Mahrash is a very popular type of bread in Morocco, especially in winter.  It is made from barley grits, other mixture of flour, olive oil and a touch of cumin. The word "Mahrash" means "rough or coarse look" in Moroccan Darija, some call it "Khobz L'harsh", but whatever you decide to call it, it's such a delicious bread and fun to make.

Barley is a prime ingredient in the making of several, popular dishes in Morocco. It is used as a flour or as grains to make Tagolla, which is a porridge served with Oudi and honey in south of Morocco, or to mak couscous, or Askeef  (which is a very light soup, served for breakfast). Mahrash has that tasty, chewy texture and the combination of olive oil and cumin adds such an impressive flavour to it.  The taste of cumin is slightly chili-ish but not spicy at all.  This bread is best served while still warm with Talakhcha, (a popular winter soup in Morocco, also called Bissara) or served simply with olive oil/black olives dip or butter/honey sauce.
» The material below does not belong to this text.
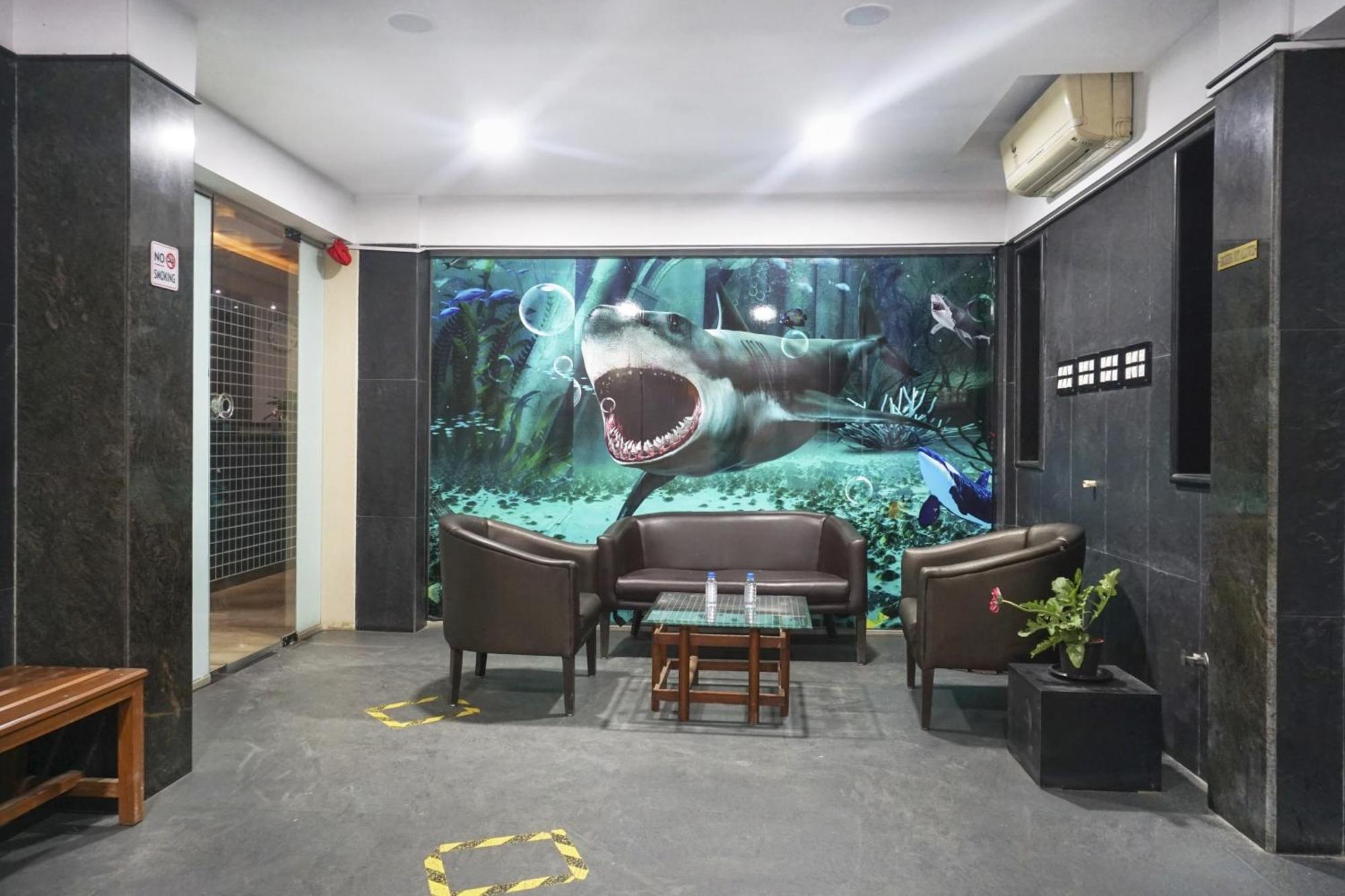 Super Townhouse Oak Sr Hotel Wakad Pune Exterior foto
Since barley has a low gluten content which results in a low-rise, so that's why higher-gluten flours are combined to make this leavened bread, which needs a few hours to rise. It is important to give the dough enough time to develop and you can give the recipe a little twist, using any combination of the wheat flours you have around the house, or use even some white flour for lighter texture, making sure to adjust water as necessary to achieve a nice consistency to the dough.

I’m submitting this post to Susan's Yeastspotting, a blog devoted to yeast bread food. Please check it out!
Mamatkamal

Served with pure olive oil, delicious!

This recipe yields 10 small Mahrash / Pour 10 Mahrach, de taille petite
Preparation Time: 0 h 30 minutes / Temps de préparation: 0 h 30 minutes
Time to let the dough rest: 3 h 00 minutes / Repos : 3 h 00 minutes
Cook Time: 0 h 20 minutes / Temps de cuisson: 0 h 20 minutes

Ingredients:

-100 gr wheat bran, known as "Nokhal" in Morocco / 100 gr de son de blé, connu au Maroc sous le nom "Nokhala"

  Wheat bran / Son de blé
 النّخّالة
-100 gr barley grits coarsely ground, known as "Balboula Ghlida" in Morocco / 100 gr de semoule d'orge grosse, connu au Maroc sous le nom "Balboula Ghlida"

Barley grits coarsely ground / Semoule d'orge grosse
 بلبولة الغليظة
-400 gr  hard unbleached flour all puprose or fine semolina / 400 gr de farine de blé dur non blanchi ou semoule très fine

-100 gr plain flour / 100 gr farine tout usage

-60 ml pure olive oil / 60 ml d'huile d'olive de bonne qualité

-Some salt to taste / Un peu de sel selon le goût

-1 tablespoon caster sugar /  1 c à soupe de sucre smoule ou Sanida

-250 gr whole-wheat flour / 250 gr de farine de blé entier

-1 tablespoon ground cumin /  1 c à soupe de cumin en poudre

-5 gr yeast, dried. I used instant yeast, but you might use fresh yeast or other type of yeast as well / 5 gr de levure boulangère sèche.  J'ai mis la levure instantanée mais vous pouvez aussi utiliser la levure fraîche ou autres.

-30 ml Khmira Baldiya, known as Sourdough Starter or Le levain traditionnel / 30 ml de Khmira Baldiya, qui est le Levain traditionnel ou Sourdough Starter.

N.B. It is a white sourdough starter, liquid and 100% hydration / C'est du levain traditionnel à base de farine blanche, liquide et 100% hydratation.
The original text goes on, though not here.